*EXERCISE*:
The entries below contain pictures, which are to be left out; write out exactly, and only, the lines from the line with "para evitar contingencias" up to and including the line with "Album Anajo - Mädchenmusik".

[Short descriptive text snippets]
=-=-=-=-=
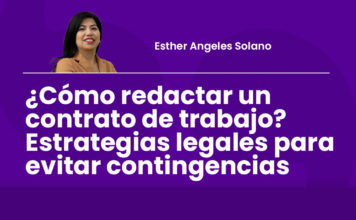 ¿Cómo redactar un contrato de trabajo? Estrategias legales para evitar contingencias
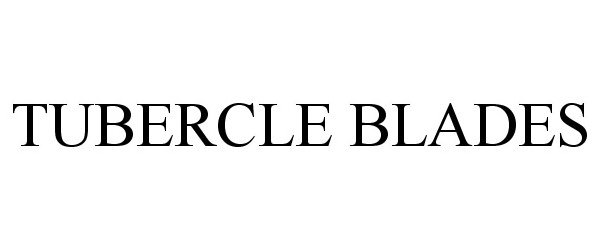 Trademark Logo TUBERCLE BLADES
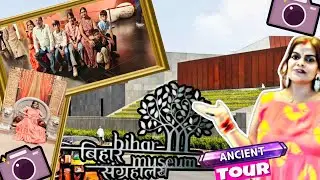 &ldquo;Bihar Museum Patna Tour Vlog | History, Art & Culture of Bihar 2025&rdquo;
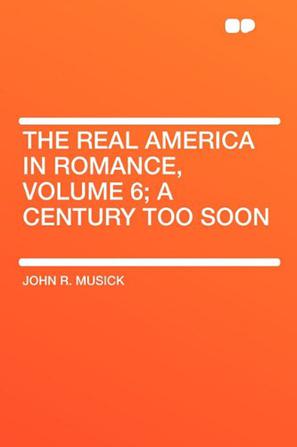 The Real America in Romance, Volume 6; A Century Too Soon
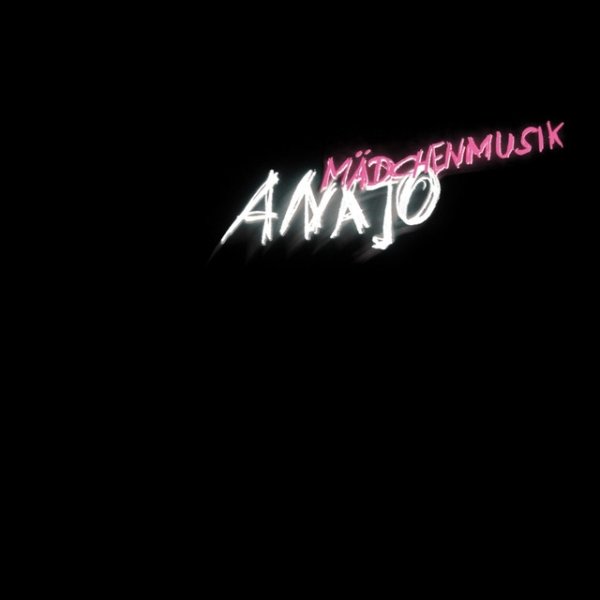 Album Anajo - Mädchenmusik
=-=-=-=-=
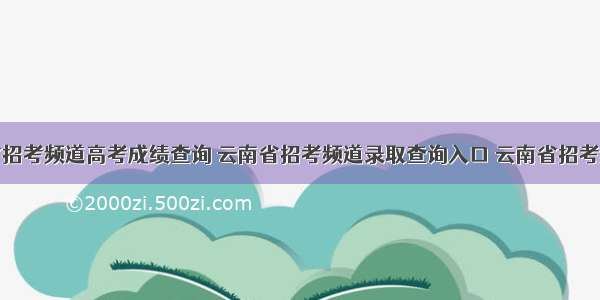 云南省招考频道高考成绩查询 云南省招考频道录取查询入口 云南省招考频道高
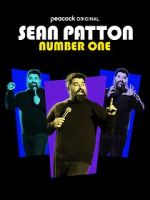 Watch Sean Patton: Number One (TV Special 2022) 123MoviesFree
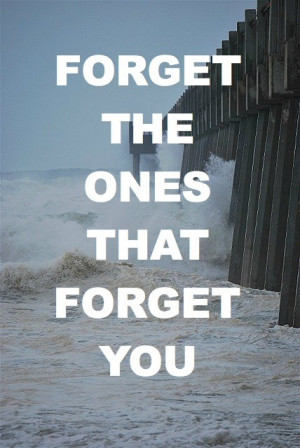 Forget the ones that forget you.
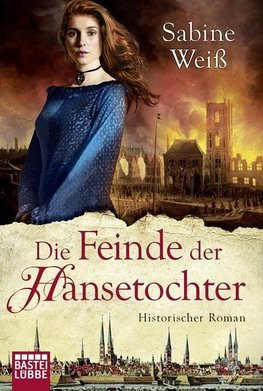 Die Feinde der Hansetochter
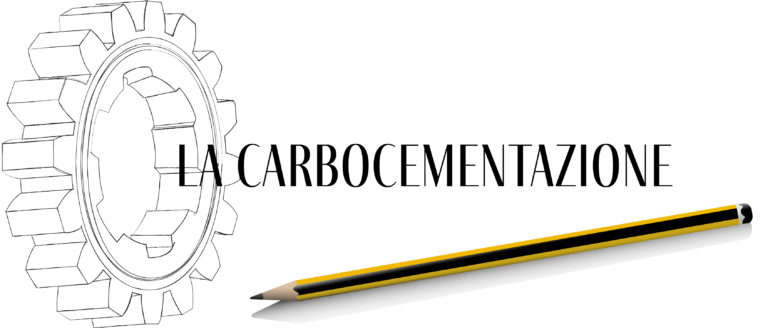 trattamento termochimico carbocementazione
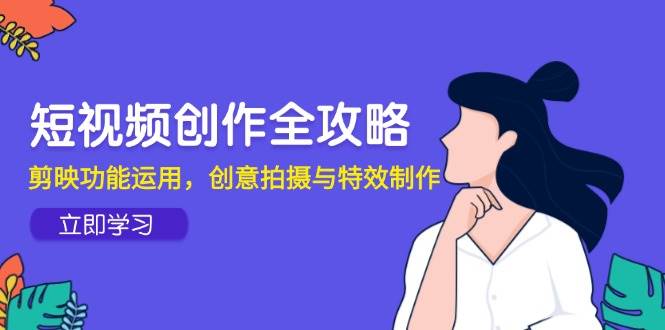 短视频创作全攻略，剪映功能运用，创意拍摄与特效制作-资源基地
=-=-=-=-=
*SOLUTION*:
 ¿Cómo redactar un contrato de trabajo? Estrategias legales para evitar contingencias
 Trademark Logo TUBERCLE BLADES
 &ldquo;Bihar Museum Patna Tour Vlog | History, Art & Culture of Bihar 2025&rdquo;
 The Real America in Romance, Volume 6; A Century Too Soon
 Album Anajo - Mädchenmusik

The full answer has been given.